MLB Projected Standings, Preseason
AL WEST | AL CENTRAL | AL EAST |
Astros, 85-77, 0 GB | Indians, 85-77, 0 GB | Red Sox, 84-78, 0 GB |
Mariners, 80-82, 5 GB | White Sox, 81-81, 4 GB | Yankees, 83-79, 1 GB |
Angels, 80-82, 5 GB | Tigers, 80-82, 5 GB | Blue Jays, 82-80, 2 GB |
Rangers, 79-83, 6 GB | Twins, 80-82, 5 GB | Rays, 80-82, 4 GB |
Athletics, 79-83, 6 GB | Royals, 79-83, 6 GB | Orioles, 80-82, 4 GB |
. |
NL WEST | NL CENTRAL | NL EAST |
Dodgers, 89-73, 0 GB | Cubs, 89-73, 0 GB | Mets, 88-74, 0 GB |
Giants, 85-77, 4 GB | Cardinals, 84-78, 5 GB | Nationals, 86-76, 2 GB |
Diamondbacks, 79-83, 10 GB | Pirates, 83-79, 6 GB | Marlins, 80-82, 8 GB |
Padres, 76-86, 13 GB | Reds, 77-85, 12 GB | Braves, 73-89, 15 GB |
Rockies, 76-86, 13 GB | Brewers, 75-87, 14 GB | Phillies, 72-90, 16 GB |
Wild card play-in games: Blue Jays at Yankees, Giants at Nationals
ALDS match-ups: play-in vs. Indians, Red Sox vs. Astros
NLDS match-ups: play-in vs. Cubs, Mets vs. Dodgers
Some musings:
- Preseason projections when using WAR always look a little bunched up. It's a result of regression to the mean. Basically by definition playoff teams exceed expectations in statistical models.

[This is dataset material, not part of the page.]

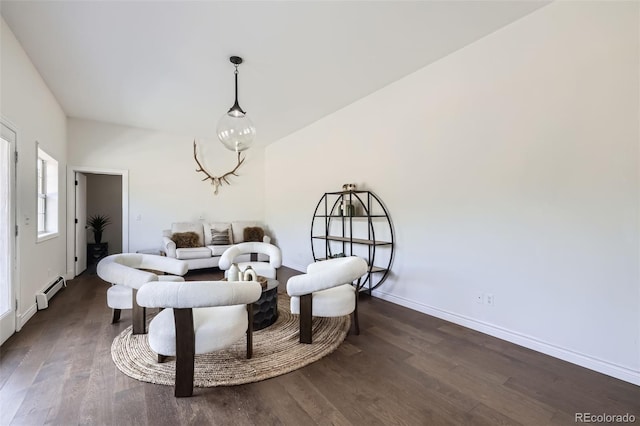 sitting room with baseboards, a baseboard heating unit, and wood finished floors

- With that said, the American League looks especially bunched up again this year. If that was simply a result of the projection system than the NL would be similarly bunched, but it isn't. The AL East in particular looks incredibly wide open.
- The National League has a stratified look with rather clear "first" and "second" divisions. Only the Marlins and Diamondbacks do not fall neatly into one of the two categories.
- The Astros, Indians, Dodgers, and Cubs should all be considered legitimate favorites to win their divisions. None of them are so much beyond their divisional opponents to say they are prohibitive favorites though.
- The Indians being frontrunners should probably be flagged with an asterisk. The Royals and WAR do not get along. They have looked like a middling team on paper the last two years but have back-to-back World Series with a championship to show for it. It's possible that the Royals are lucky, but the gap between their actual results and projections is noteworthy, and has been for two years now. Consider me skeptical of their projection this year too.
Next Friday we will find out how much movement only a few games make, even ones supposedly less meaningful early in the season.